About this course
Even at the best of times, essay assignments can be intimidating. WRR103 is designed to help students develop a toolkit for essay-writing in the humanities. Over the course of the term, we move from the sentence level to the paragraph and essay levels in order to equip students with a skill set that empowers them to engage in a wide variety of practical writing tasks. By focusing on the most pervasive general categories of writing (what rhetoricians call the “modes” of writing), WRR103 provides students with a rhetorical arsenal that can be applied to academic essays, scholarship applications, and creative writing.
What you’ll learn
Craft effective sentences, paragraphs, and essays.

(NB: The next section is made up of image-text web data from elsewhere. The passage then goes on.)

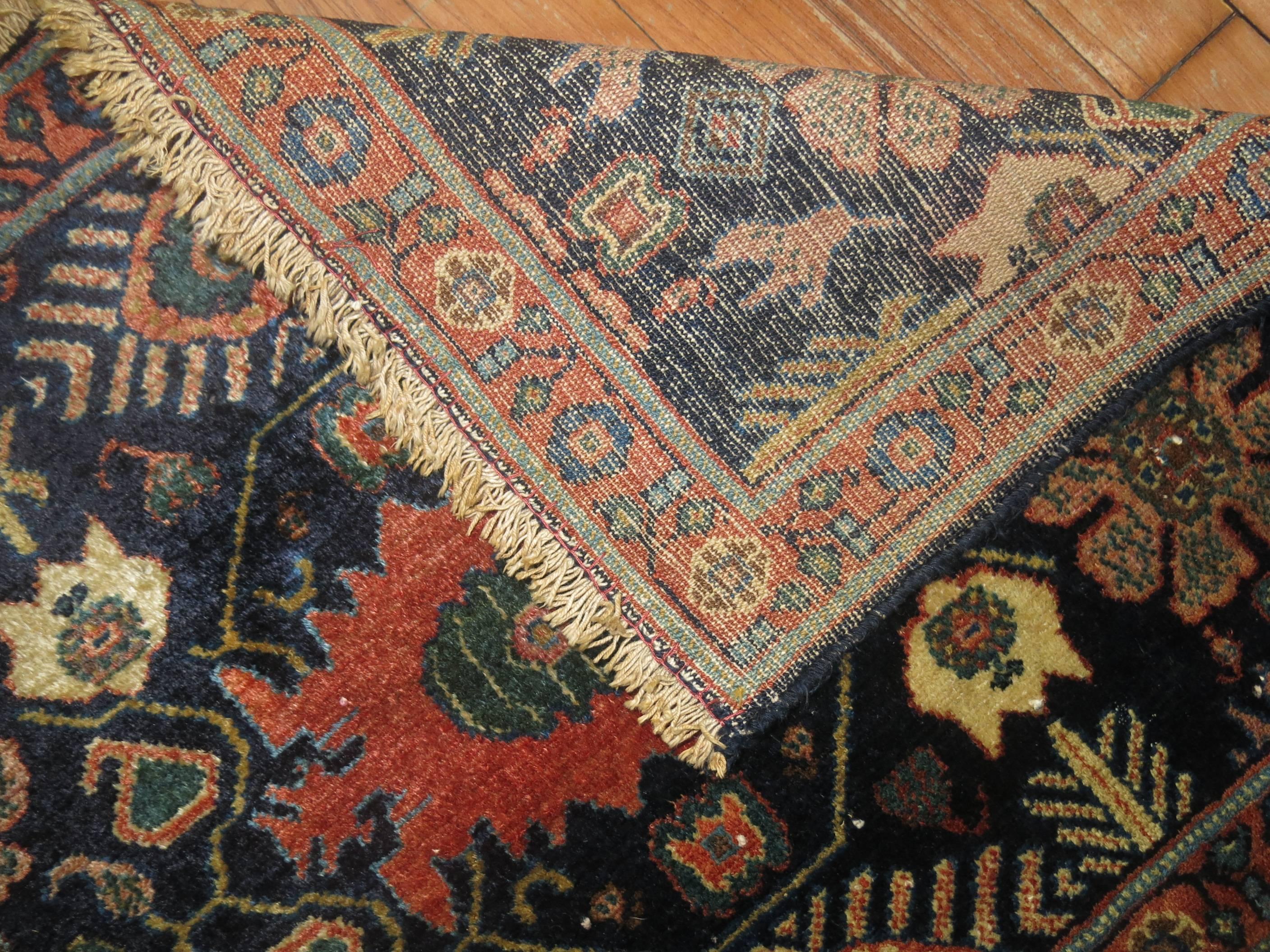 High quality Persian Senneh rug mat from the early stages of the 20th century. Navy blue ground with multi vibrant accents.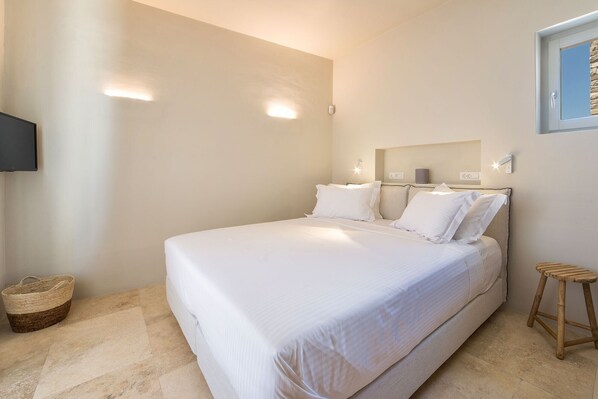 A neatly arranged bedroom with a large bed, a flat-screen TV mounted on the wall, and a small wooden stool. - Aequora Villa II - Beachfront, 5 min away from the Golden Beach, Infinity Pool (Paros, Cyclades)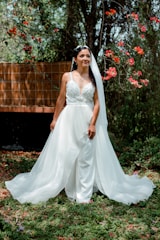 A radiant bride laughing under soft golden sunlight in an outdoor garden.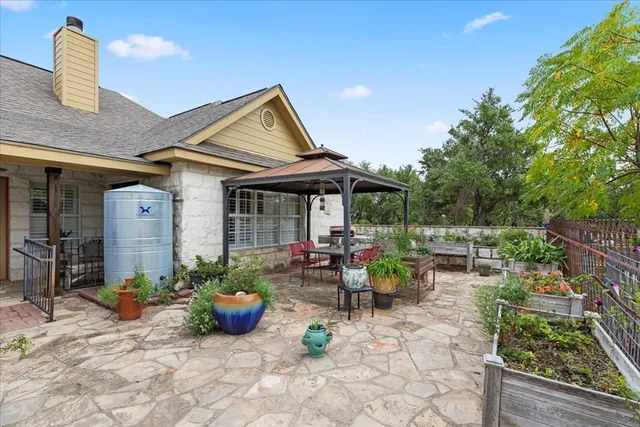 a bedroom with a large bed and a large window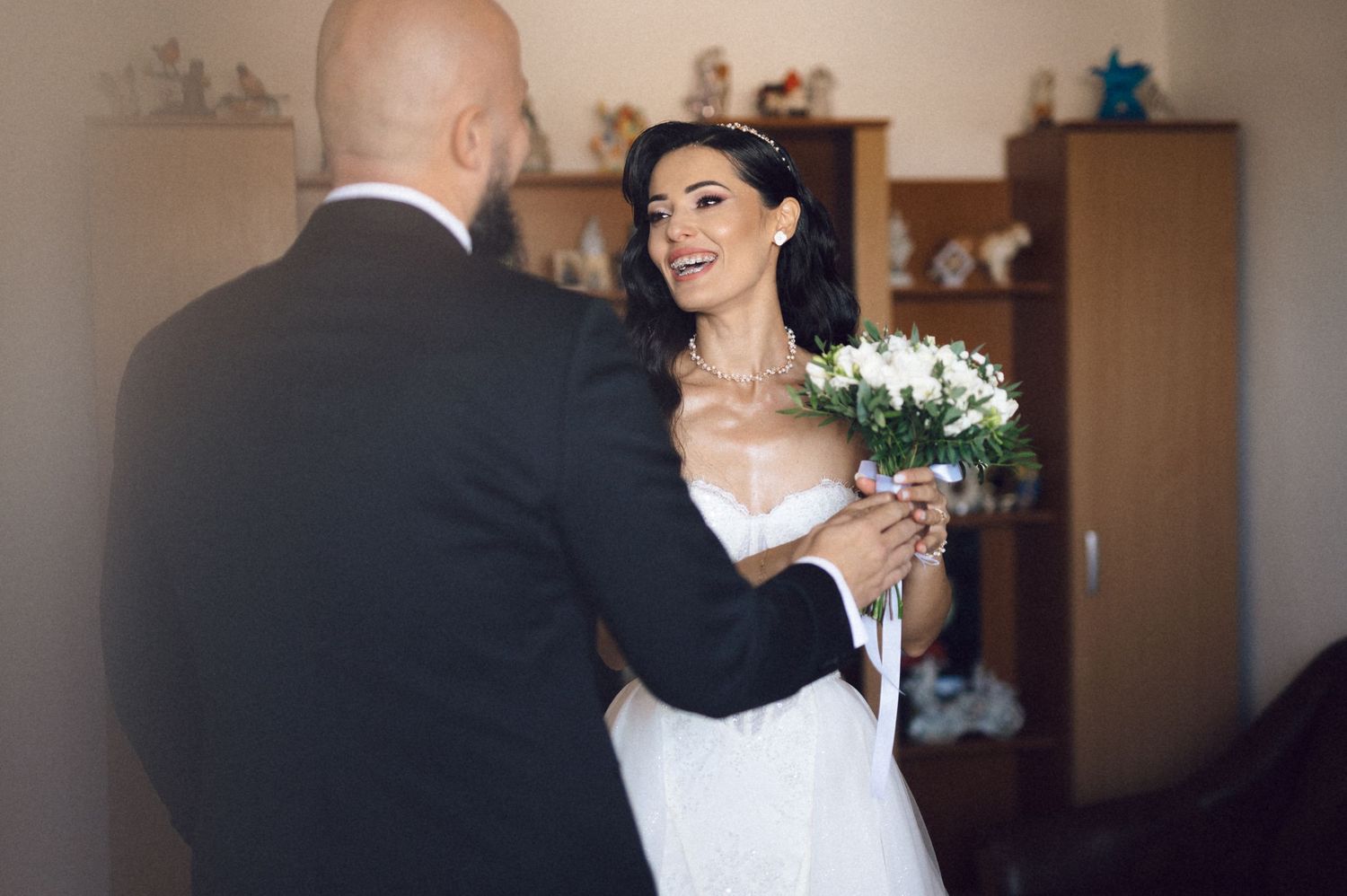 A couple in wedding attire embraces during a romantic first dance moment at their reception.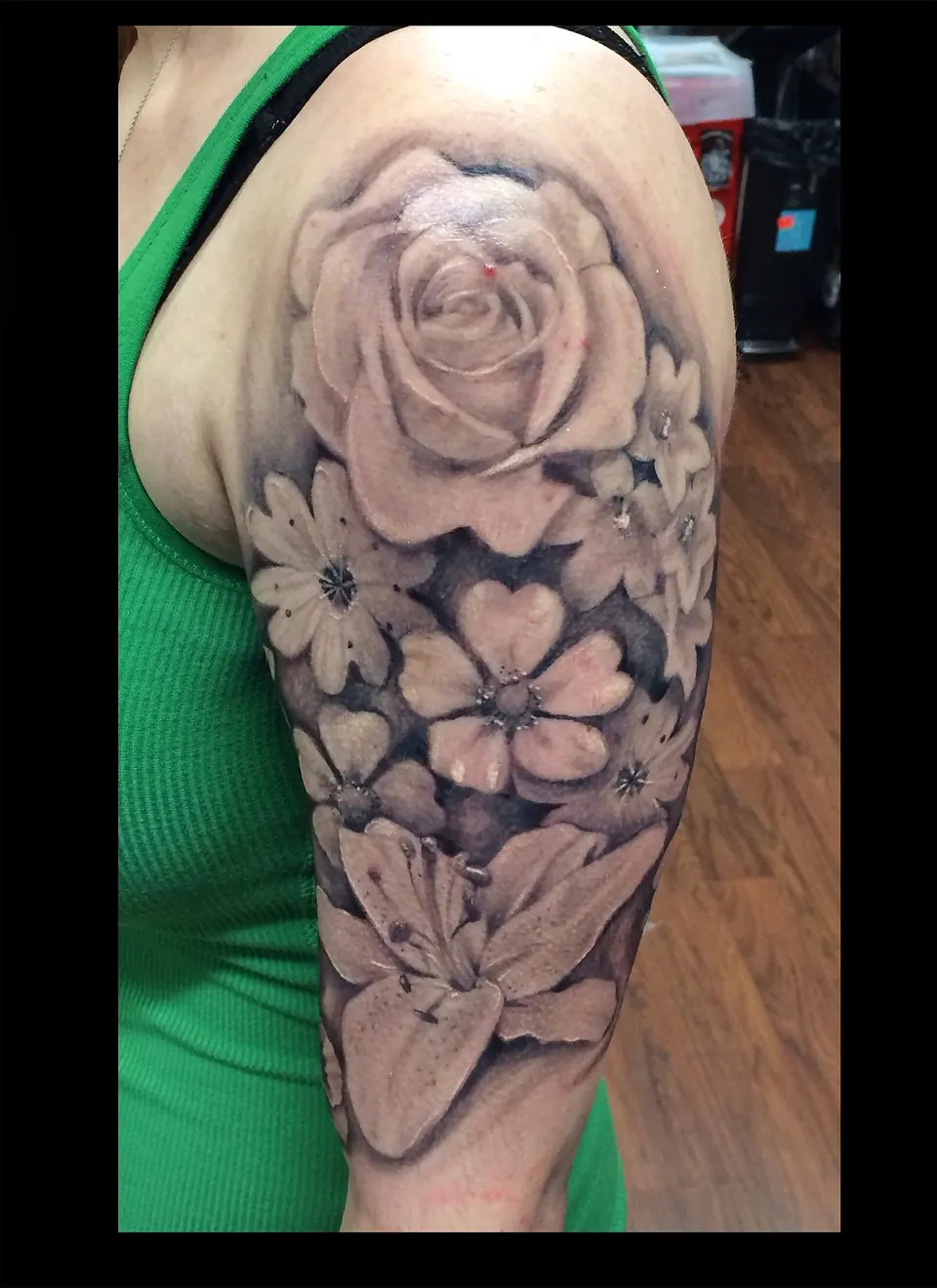 Black and grey realistic rose and flowers tattoo on the shoulder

Analyze models of critical analyses, narrative-descriptive essays, and argumentative essays.
Devise an outline and annotated bibliography.
Use the MLA style guide effectively.
Good to know
This is an introductory course open to all students. No specific background in Writing & Rhetoric is required. There are three major writing assignments.
Daniel Adleman / Cynthia Messenger / Vikki Visvis / Andrea Williams
As someone who publishes essays, articles, and book reviews, I have long been fascinated with writing as both a practical skill and an art form. One of the first things I noticed when I began to teach writing at a post-secondary level is that we’re all so immersed in our communicative habits that it’s actually quite difficult to develop any critical distance from our habitual writing strategies. WRR103 is designed to help students cultivate some of that critical distance by studying relevant writing genres and learning how to make the most of constructive feedback.